A First World War memorial to the Royal Gloucestershire Hussars Yeomanry, unveiled in 1922, by masons Cash and Wright; with bronze bas-relief panels by Adrian Jones MVO (1845-1938), cast by RL Boulton and Sons. The memorial was altered after the Second World War by the addition of a further relief panel by Edward Payne (1906-1991).

An ashlar limestone memorial, with inset cast bronze plaques.

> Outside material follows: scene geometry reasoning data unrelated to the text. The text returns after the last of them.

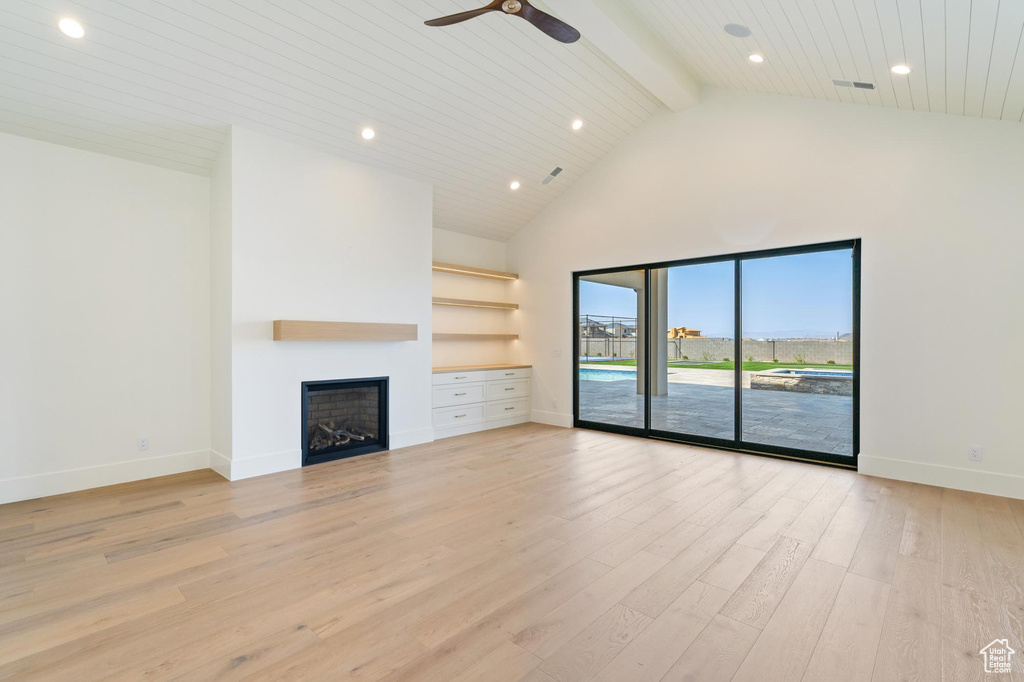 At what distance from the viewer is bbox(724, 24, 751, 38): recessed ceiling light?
12.3 feet

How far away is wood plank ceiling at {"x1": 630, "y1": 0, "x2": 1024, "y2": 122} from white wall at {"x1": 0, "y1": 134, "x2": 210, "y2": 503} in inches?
182

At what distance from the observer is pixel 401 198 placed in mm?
5492

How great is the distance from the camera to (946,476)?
4082mm

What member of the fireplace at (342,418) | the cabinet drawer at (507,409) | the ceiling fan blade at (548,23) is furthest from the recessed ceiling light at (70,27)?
the cabinet drawer at (507,409)

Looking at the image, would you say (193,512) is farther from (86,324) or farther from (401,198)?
(401,198)

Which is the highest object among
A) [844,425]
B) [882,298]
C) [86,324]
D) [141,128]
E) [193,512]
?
[141,128]

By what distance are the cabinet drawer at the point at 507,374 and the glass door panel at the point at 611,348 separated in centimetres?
82

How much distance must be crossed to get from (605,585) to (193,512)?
2.95 metres

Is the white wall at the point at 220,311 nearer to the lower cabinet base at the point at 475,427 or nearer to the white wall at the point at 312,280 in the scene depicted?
the white wall at the point at 312,280

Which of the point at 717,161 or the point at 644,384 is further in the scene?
the point at 644,384

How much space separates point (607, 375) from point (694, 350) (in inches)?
49.0

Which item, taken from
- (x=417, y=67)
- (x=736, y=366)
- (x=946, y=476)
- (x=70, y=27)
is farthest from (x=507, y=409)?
(x=70, y=27)

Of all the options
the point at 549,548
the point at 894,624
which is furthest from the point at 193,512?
the point at 894,624

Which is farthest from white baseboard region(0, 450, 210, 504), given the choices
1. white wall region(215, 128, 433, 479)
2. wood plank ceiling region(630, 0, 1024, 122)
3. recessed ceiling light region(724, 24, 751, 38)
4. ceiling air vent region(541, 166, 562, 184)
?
recessed ceiling light region(724, 24, 751, 38) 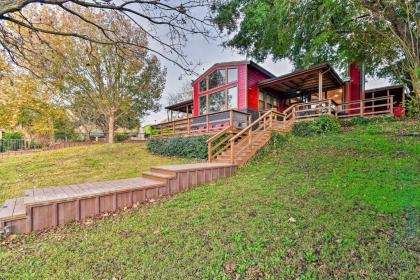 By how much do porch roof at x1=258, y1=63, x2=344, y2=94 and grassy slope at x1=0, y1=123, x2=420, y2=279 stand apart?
6.99 m

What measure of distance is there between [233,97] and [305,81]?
4474mm

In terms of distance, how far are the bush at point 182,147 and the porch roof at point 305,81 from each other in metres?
5.57

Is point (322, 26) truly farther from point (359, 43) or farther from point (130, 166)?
point (130, 166)

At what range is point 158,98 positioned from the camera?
810 inches

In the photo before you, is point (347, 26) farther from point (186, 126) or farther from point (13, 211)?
point (13, 211)

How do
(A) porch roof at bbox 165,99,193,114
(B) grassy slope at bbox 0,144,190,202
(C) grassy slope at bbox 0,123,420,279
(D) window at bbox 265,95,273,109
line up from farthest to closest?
A: (A) porch roof at bbox 165,99,193,114 < (D) window at bbox 265,95,273,109 < (B) grassy slope at bbox 0,144,190,202 < (C) grassy slope at bbox 0,123,420,279

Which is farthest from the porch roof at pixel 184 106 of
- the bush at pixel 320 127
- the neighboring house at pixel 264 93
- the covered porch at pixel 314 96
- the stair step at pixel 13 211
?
the stair step at pixel 13 211

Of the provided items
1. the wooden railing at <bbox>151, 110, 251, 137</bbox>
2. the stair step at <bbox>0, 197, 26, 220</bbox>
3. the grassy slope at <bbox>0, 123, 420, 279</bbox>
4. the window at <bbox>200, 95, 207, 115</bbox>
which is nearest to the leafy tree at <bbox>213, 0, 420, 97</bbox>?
the grassy slope at <bbox>0, 123, 420, 279</bbox>

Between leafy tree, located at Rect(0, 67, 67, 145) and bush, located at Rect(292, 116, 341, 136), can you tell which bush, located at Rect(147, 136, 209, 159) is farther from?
leafy tree, located at Rect(0, 67, 67, 145)

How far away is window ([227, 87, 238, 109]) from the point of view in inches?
465

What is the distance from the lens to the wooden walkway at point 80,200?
10.7ft

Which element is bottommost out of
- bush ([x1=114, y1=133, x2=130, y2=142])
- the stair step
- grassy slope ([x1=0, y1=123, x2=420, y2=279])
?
grassy slope ([x1=0, y1=123, x2=420, y2=279])

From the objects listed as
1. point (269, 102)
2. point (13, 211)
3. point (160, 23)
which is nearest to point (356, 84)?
point (269, 102)

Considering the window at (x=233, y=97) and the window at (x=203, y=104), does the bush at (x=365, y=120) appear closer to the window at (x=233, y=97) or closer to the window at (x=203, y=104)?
the window at (x=233, y=97) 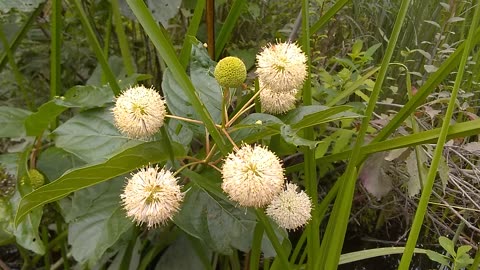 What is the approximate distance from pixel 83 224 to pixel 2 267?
39cm

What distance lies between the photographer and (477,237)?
3.51ft

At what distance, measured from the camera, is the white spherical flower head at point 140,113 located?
0.52 meters

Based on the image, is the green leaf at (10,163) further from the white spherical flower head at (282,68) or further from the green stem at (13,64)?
the white spherical flower head at (282,68)

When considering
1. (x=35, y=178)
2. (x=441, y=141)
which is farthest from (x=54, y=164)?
(x=441, y=141)

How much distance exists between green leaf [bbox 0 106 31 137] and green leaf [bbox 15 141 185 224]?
0.29 meters

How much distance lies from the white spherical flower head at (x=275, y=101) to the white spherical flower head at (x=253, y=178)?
129mm

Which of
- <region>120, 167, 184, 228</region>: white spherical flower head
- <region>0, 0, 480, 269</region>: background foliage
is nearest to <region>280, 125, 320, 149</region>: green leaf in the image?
<region>0, 0, 480, 269</region>: background foliage

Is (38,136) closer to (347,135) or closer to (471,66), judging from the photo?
(347,135)

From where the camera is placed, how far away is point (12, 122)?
2.61 ft

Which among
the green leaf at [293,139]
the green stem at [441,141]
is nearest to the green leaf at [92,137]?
the green leaf at [293,139]

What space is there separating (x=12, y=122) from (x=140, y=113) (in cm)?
37

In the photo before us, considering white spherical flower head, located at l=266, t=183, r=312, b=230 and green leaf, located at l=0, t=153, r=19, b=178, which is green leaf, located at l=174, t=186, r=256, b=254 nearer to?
white spherical flower head, located at l=266, t=183, r=312, b=230

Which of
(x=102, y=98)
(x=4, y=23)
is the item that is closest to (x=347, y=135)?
(x=102, y=98)

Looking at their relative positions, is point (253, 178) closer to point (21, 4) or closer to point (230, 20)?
point (230, 20) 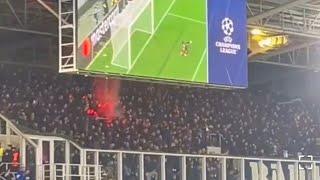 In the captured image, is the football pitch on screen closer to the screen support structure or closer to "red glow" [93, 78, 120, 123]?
the screen support structure

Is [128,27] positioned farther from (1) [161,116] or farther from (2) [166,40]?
(1) [161,116]

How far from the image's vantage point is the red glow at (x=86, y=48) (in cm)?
1476

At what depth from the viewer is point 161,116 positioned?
74.5 ft

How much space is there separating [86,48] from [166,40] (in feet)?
7.22

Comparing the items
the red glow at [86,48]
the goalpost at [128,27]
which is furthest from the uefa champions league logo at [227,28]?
the red glow at [86,48]

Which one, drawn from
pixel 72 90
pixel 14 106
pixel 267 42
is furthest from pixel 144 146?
pixel 267 42

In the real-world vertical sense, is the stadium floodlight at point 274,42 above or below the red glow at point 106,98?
above

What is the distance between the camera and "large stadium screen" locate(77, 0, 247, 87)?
15023 mm

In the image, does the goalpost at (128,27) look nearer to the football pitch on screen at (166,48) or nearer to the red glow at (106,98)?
the football pitch on screen at (166,48)

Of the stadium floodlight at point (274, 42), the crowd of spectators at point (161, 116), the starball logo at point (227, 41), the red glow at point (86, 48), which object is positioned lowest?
the crowd of spectators at point (161, 116)

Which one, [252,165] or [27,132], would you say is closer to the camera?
[27,132]

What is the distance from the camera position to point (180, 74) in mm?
16422

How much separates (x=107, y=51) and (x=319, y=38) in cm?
985

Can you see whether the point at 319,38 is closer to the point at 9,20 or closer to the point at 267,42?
the point at 267,42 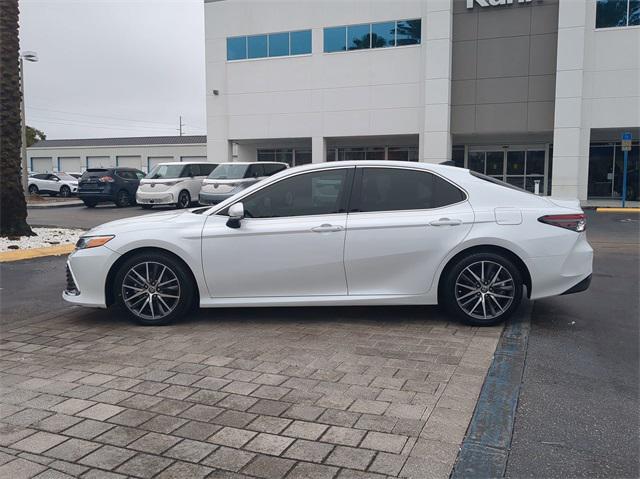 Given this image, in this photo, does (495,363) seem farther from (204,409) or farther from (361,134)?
(361,134)

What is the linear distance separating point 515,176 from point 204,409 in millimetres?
29180

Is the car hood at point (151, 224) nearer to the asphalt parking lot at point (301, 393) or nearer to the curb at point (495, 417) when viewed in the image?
the asphalt parking lot at point (301, 393)

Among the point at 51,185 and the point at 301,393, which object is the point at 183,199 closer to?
the point at 51,185

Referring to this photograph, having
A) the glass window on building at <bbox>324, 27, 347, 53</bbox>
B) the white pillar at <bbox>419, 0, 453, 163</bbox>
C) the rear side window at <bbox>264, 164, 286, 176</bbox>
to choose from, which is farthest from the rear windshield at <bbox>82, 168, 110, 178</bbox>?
the white pillar at <bbox>419, 0, 453, 163</bbox>

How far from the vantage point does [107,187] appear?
22609mm

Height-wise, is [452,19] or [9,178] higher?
[452,19]

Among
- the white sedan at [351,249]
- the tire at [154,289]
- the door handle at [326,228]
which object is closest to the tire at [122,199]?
the white sedan at [351,249]

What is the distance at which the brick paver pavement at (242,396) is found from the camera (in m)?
3.08

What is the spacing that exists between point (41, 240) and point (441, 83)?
20.5 metres

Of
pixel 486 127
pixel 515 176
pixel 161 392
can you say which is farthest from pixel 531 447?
pixel 515 176

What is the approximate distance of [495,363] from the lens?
453 centimetres

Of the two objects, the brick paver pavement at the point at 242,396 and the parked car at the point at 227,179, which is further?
the parked car at the point at 227,179

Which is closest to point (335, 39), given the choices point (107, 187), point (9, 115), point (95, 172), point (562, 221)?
point (95, 172)

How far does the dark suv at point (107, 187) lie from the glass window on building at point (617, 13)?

The memorial takes the form of a tall cross having a sword carved in relief on its front face, with the regimental badge in relief on the foot below the shaft of the cross. Other faces of the foot are inscribed: EGYPT / GALLIPOLI / SINAI / PALESTINE / SYRIA. This is set on a high octagonal plinth in the centre of a wider octagonal base or podium surrounded by three steps. A bronze panel, by Adrian Jones, is inset into each face of the plinth: four of the panels are bas-reliefs, each depicting a scene of soldiers of the regiment serving during WWI in campaigns as inscribed: Siniae [sic] 1916, Palestine 1917, Gallipoli 1915, Syria 1918; and alternating with the reliefs are four panels inscribed with the names of the 225 men who died during the First World War. The panels depict specific incidents. Gallipoli shows 21 August 1915, with troops climbing a high cliff behind Lala Baba Hill on the shore, before advancing across the dry bed of the Salt Lake, where they sustained heavy casualties. Sinai is sculpted from a photograph taken during the many months the regiment was stationed in the desert, and shows the soldiers, mounted, descending the steep slope of a sand hill with palm trees behind. Palestine shows the scene in February 1918 when the regiment, after three months of fighting, crossed the River Jordan, sending over rafts and setting up pontoon bridges. The final panel, Syria, encapsulates much of the regiment’s experience, showing as it does, tired and thirsty horses being rested and watered after a long trek through the country.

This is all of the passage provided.